From the listing below, output the lines between the one with "Art mural sur" and the one with "Baby Shark Open Basket and Bag Hamper", including those two, and nothing else. Pictures are not copied.

• [RECORDED INFORMATION]
+++
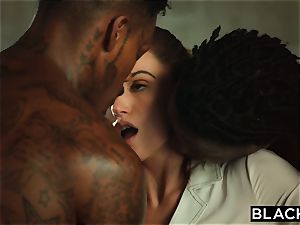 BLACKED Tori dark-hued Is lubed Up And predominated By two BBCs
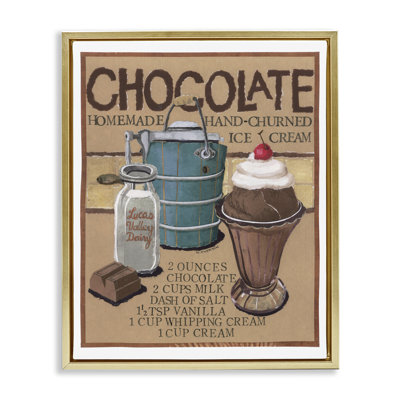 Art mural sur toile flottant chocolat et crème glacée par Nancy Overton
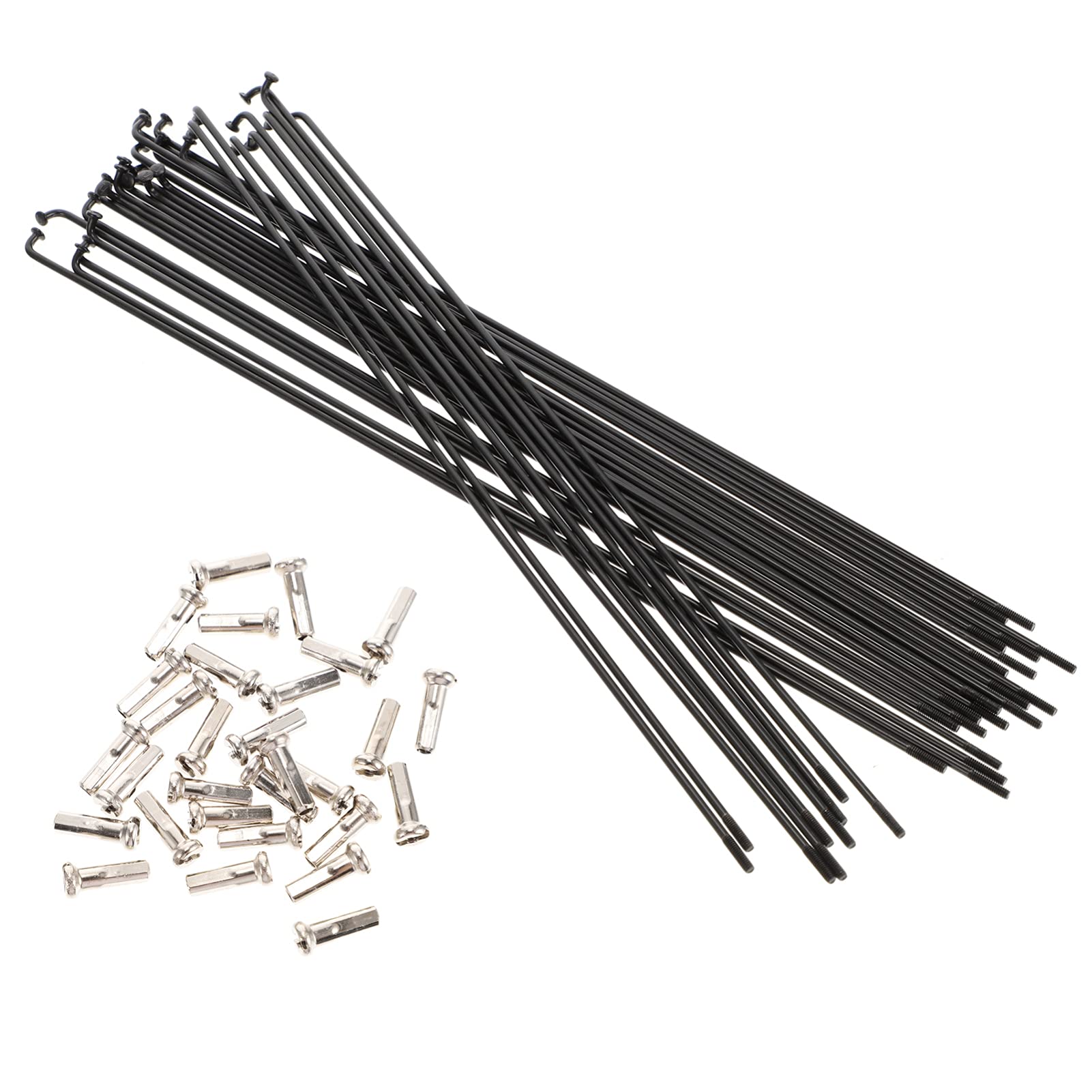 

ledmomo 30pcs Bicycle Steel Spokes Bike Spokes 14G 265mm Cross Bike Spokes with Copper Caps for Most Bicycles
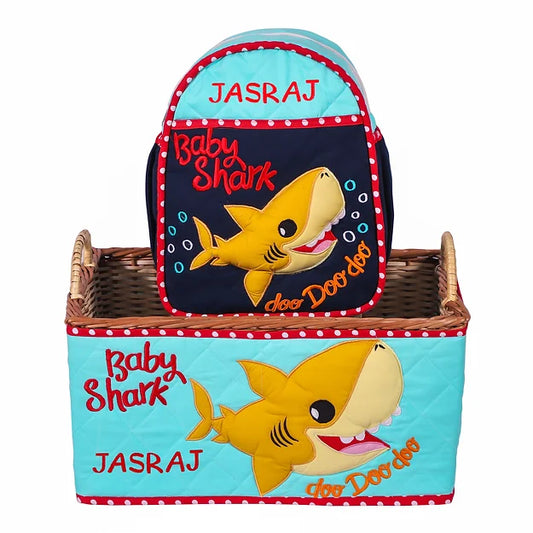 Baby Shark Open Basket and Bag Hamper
+++
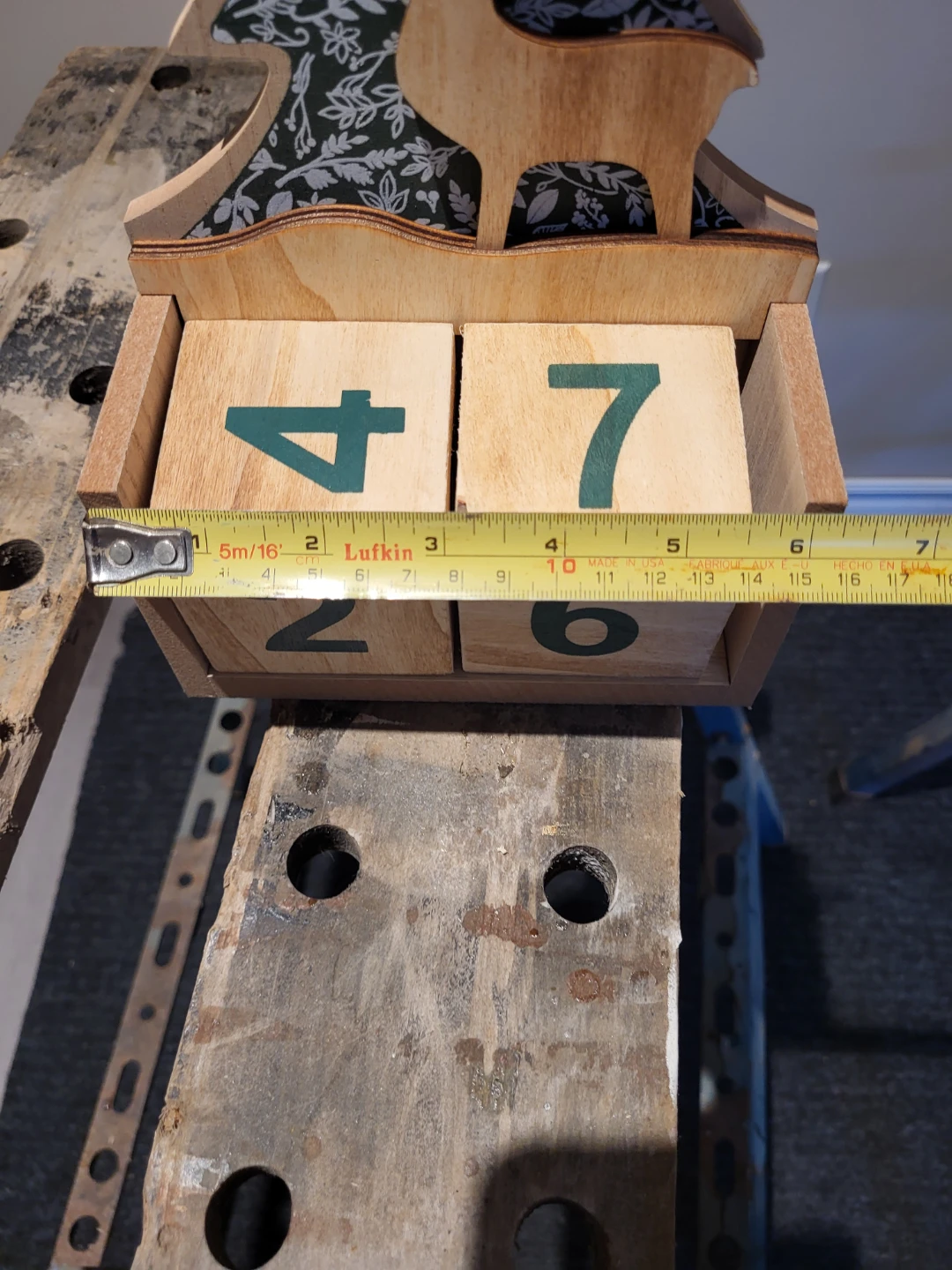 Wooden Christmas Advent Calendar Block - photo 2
+++
• [ANSWER SECTION]
 Art mural sur toile flottant chocolat et crème glacée par Nancy Overton

ledmomo 30pcs Bicycle Steel Spokes Bike Spokes 14G 265mm Cross Bike Spokes with Copper Caps for Most Bicycles
 Baby Shark Open Basket and Bag Hamper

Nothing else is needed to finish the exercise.